何個も試作をするとして、どうなったら次のステップに行けるのか、どこまで行ったらゴールなのかとか、その辺りを教えて欲しい。
岐阜県の各務原市で連続開催中の『つくる つたえる ワークショップ』の内容について、ファシリテーターを務めるオゼキカナコさんと話しいていて、こんな話が出ました。
僕はその場で即興で、その質問に答えたんですけど、自分でもびっくりするくらい「そういうことだったのか!」って思えたので、ここに書いてみたいと思います。
①"大きさ"の確認
試作の1段階目はすごくシンプル。大きさを確認するために作ります。
手の上に乗せてみたり、机の上や床に置いてみたり、現実世界に置きながら、サイズ感を確認してイメージを膨らませ、これだなと思う大きさが見つかるまで何個も作ります。
②"機能"の確認
試作の2段階目は、機能を確認するために作ります。
フタを開け締めする、曲がる、座れる、収納できる、光る、音が鳴る、など想定通りに機能するかを確認できるまで、何個も作ります。
③"体験"の確認
試作の3段階目は、体験を確認するために作ります。
持ち運んで広げて物を置く、などなど、機能を含んだ「一連の流れ」として体験しながら確認します。ここで、機能としては良いけど体験としては邪魔だなあとか、全体のバランスを見て機能そのものを見直すこともあります。
④"景色"の確認
試作の4段階目は、景色を確認するために作ります。
想定する場所に置いてみて違和感のあるものになっていないか。使う人に似合うものなのか。誰がどんな様子で使っているか、人と人がどんな距離でいるのか、それは楽しいのか誇らしいのか。

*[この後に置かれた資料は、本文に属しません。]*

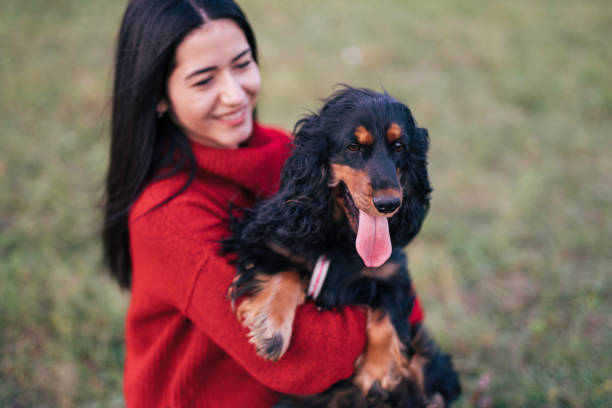 istock Young woman with a dog 1771412358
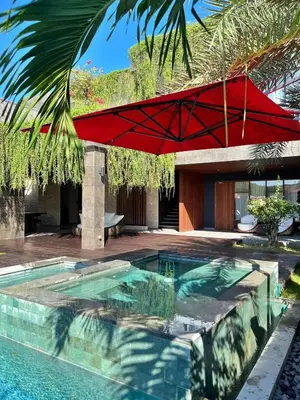 a red umbrella is over a swimming pool at Villa Nishiki 5-Bedroom Private Villa in Seminyak in Seminyak
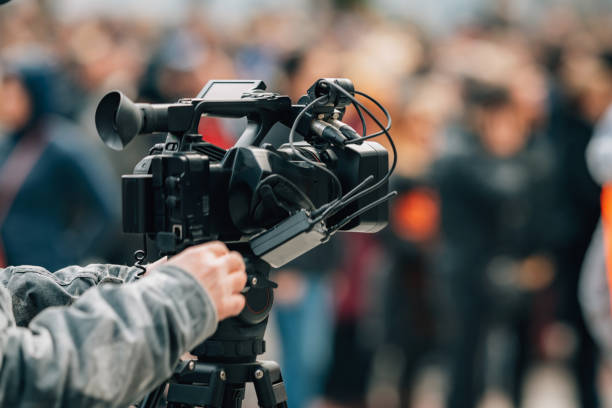 istock News crew reporting from the streets during public protests 1391478841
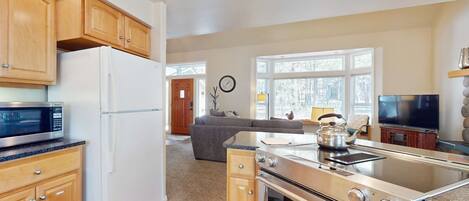 A modern kitchen with wooden cabinets, a white refrigerator, a microwave, a stove, and a large window.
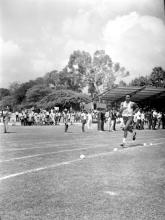 An athlete cruising through the lane during a track event, 1970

体験よりも一歩引いた目線で、使う時の景色、使わない時の景色が良いものになるように確認します。その結果、全体のバランスを見て、機能や体験を見直すこともあります。
⑤"再現性"の確認
この段階は、とくに量産を前提とした製品開発に限った話になるかもしれませんが、試作の5段階目では再現可能かどうかを確認するために作ります。

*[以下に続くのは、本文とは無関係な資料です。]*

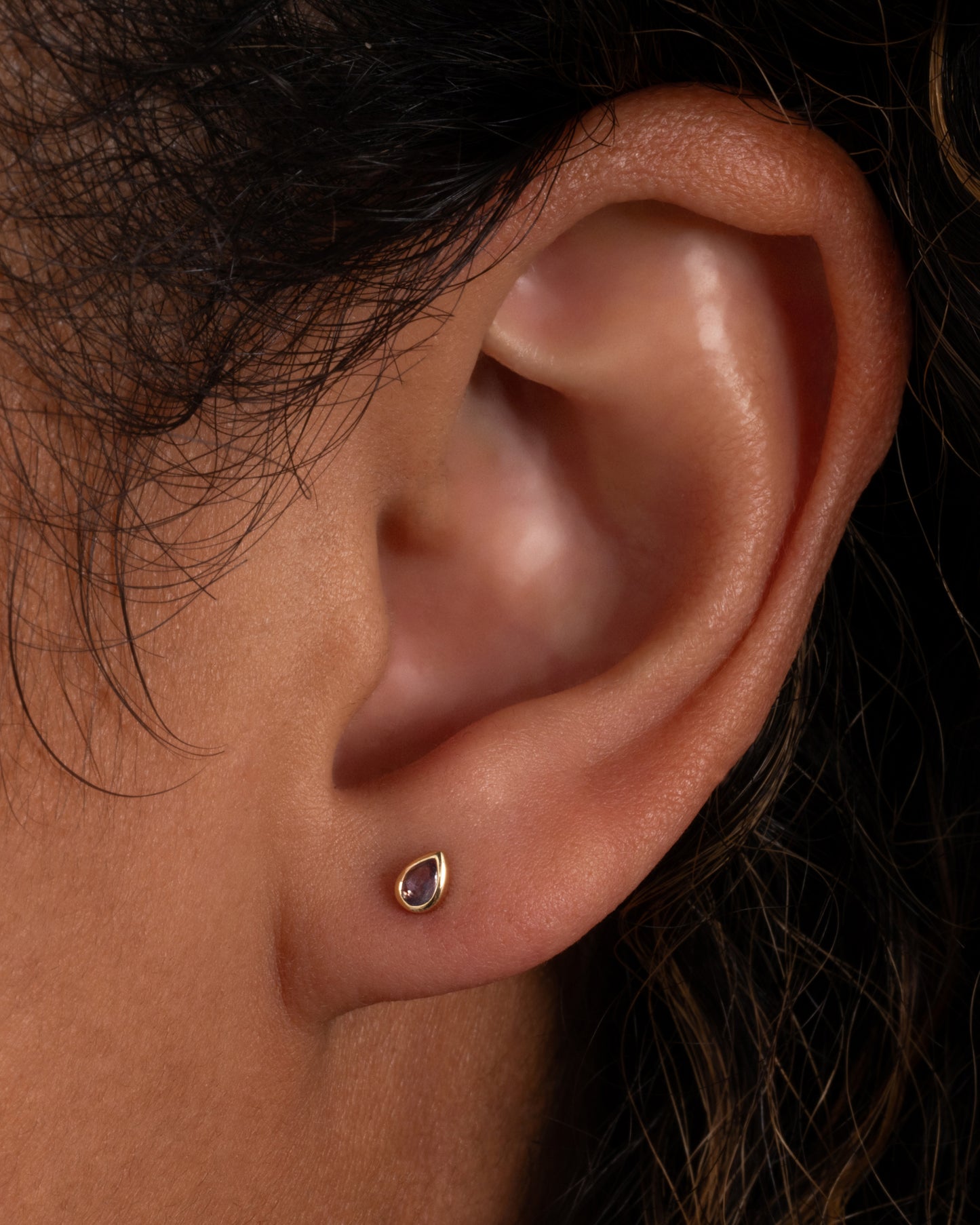 A yellow gold stud earring with a pear shaped bezel set lavender stone. Shown on an ear.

ざっくり言えば、イメージしたコストで量産できるかどうかを具体的に検討します。素材、構造、組み立て方法、運送方法などを検討し、多くの人が使った時にも「機能」「体験」「景色」がしっかり再現されるかどうかを検討します。
とくに、作り手がお客さんの隣で解説しなくても、想定通りの景色や体験が簡単にお客さんの手で再現できるように、取扱説明書やパッケージやムービーを工夫する必要も出てくるかもしれません。
作業内容ではなく途中成果物の確認に着目
これまで、製品開発というと「図面を描く」「CGのイメージを作る」「3Dプリンターで出力する」などの作業にフォーカスした話がよく出ていた気がします。
でも上記の試作の5段階は、作業ではなく、各工程での成果物とその確認事項を言えた気がしていて。
作業についてはAIの進化とかいろいろあって、やらなくて良い作業も出てくると思うんですよね。でも、画面ではなくリアル世界に置いて使って、確認すべき5段階というのは、これから先も変わらずある気がするんです。
ステップがあれば気楽に始めやすい
それぞれの段階において「何個くらい試作すれば次のステップに進めるのか」は決まってません。また、必ずしも①~⑤の順番通りに進むわけではなく、重なったり、戻ったり、いろんなルートがあると思います。
1つ断言できるのは「いきなりすごいものを作ろうと思わない」「下手くそな試作だなと勝手に凹まない」ということ。
目の前の試作から、何を感じ取ったら良いのか。次に何を修正すれば良いのか。その辺りの参考として、試作確認の5段階を使ってみてもらえると嬉しいです。
デザインなんて言葉は使わない
個人的に一番「言葉にできてスッキリしたな〜」と思ったのは、
景色の確認
再現性の確認
というところでした。
とくに景色の確認は、僕が思う「デザインが果たす役割」を「デザイン」という言葉を使うことなく言えた気がしてます。
その製品を使う時に、使わないときに、人は景色はどうなっているか(どうなっているべきか)。そのあたりをしっかり考えてれば、闇雲にシンプルにするだけだったり、目立つかどうかだけを考えるなんてことも減るんじゃないでしょうか。
というわけで、今回は、今朝思いついた言葉を、取り立て新鮮そのまま書いてみました。これから、より深くこれらについて考えていきたいと思います。